As the Q10 ­­values indicate in Figure 2, temperature changes of +10°C in lower temperatures produce more effects on daphnia’s heartrate as changes of the same degree in higher temperatures. Likewise, the rate of decline in Q10 values becomes less significant as temperatures rise, as shown by the trend in Figure 2. Finally, the class data indicates that statistically significant differences exist between the means of the data gathered at each temperature, save for the means collected between 20°C and 25°C.

Discussion

            As ectotherms, the internal body temperature of Daphnia magna are extremely susceptible to temperature changes in their environment. As freshwater animals, they are affected by changes in the temperature of the surrounding water. When the temperature increases, oxygen levels decrease, leading the Daphnia to pump blood more quickly so it can take in more oxygen efficiently, leading to a higher heartrate and body temperature (Khan 2008). Further, as the heartrate increases, so do the animal’s metabolic levels, as chemical reactions happen at an increased rate as more kinetic energy is generated.
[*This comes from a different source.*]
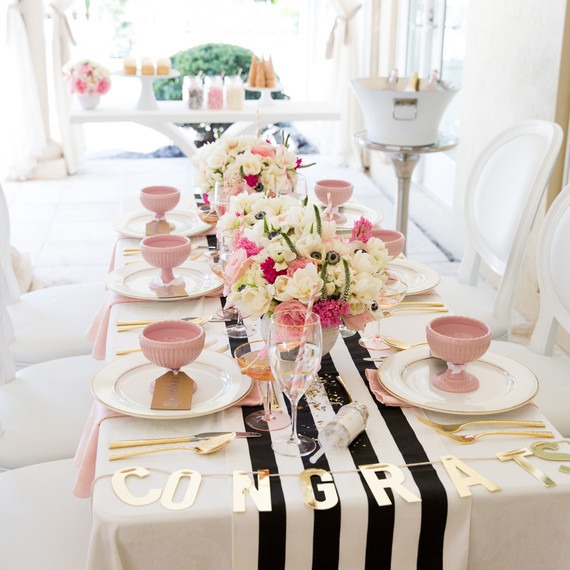 Backyard Graduation Party Ideas Pink And Black Gold Table Set Up
 A Pretty in Pink Graduation Party plete With Sweet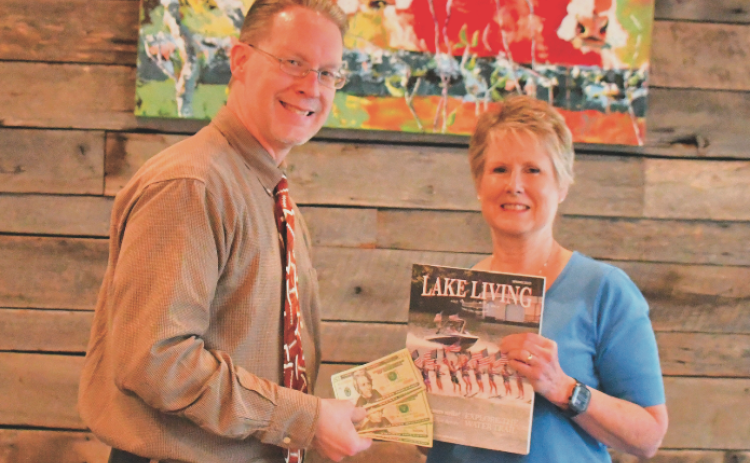 Enoch Autry, publisher for The Clayton Tribune in Rabun County, presents the $100 prize to Rabun County resident Melissa Elzey for winning the Spring 2023 Lake Living cover contest with her capture of the Lake Burton Ski Patriots’ performance on July 4, 2021.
Heartrate consequently rises to meet the heightened demand for oxygen in the cells (Dennis 1999). The dramatic increase in heart rate by a factor of 2-3 during the initial +10°C increase in temperature is likely caused by the rapid decrease of oxygen in the water as a result of heating up. In response, the daphnia tries to offset the dearth in oxygen by increasing its heartrate to pump its blood faster. It generates more haemoglobin so it could take up oxygen more efficiently and distribute it to its cells. The entire process could repeat and do so at a greater pace as the temperature rises past 35°C, which is the daphnia’s thermal threshold, and an unmaintainable heartrate is sustained. Pressure intensifies in the heart causing arteries and blood vessels to become more and more strained, leading to irregular heartbeat, which eventually slows down and ultimately stops (Kivivuori 1996).

References

Khan, Q. and Khan M., 2008. Effects of temperature on waterflea Daphnia magna (Crustacea:Cladocera). Nature Precedings,

Green, J., 1956. Growth, size and reproduction in (Crustacea: cladocera). Journal of Zoology, vol. 126, no. 2, pp. 173-204.

Baylor, E. R., 1942. Cardiac pharmacology of the cladoceran, daphnia. The Biological Bulletin, vol. 83, no. 2, pp. 165-172.

Van Der Have, T.M., and de Jong, G., 1996. Adult size in ectotherms: Temperature effects on growth and differentiation. Journal of Theoretical Biology, vol. 183, no. 3, pp. 329-340.

Kivivuori, E., and Lahdes, O., 1996. How to measure the thermal death of Daphnia? A comparison of different heat tests and effects of heat injury. Journal of Thermal Biology, vol. 21, no. 5-6, pp. 305-311.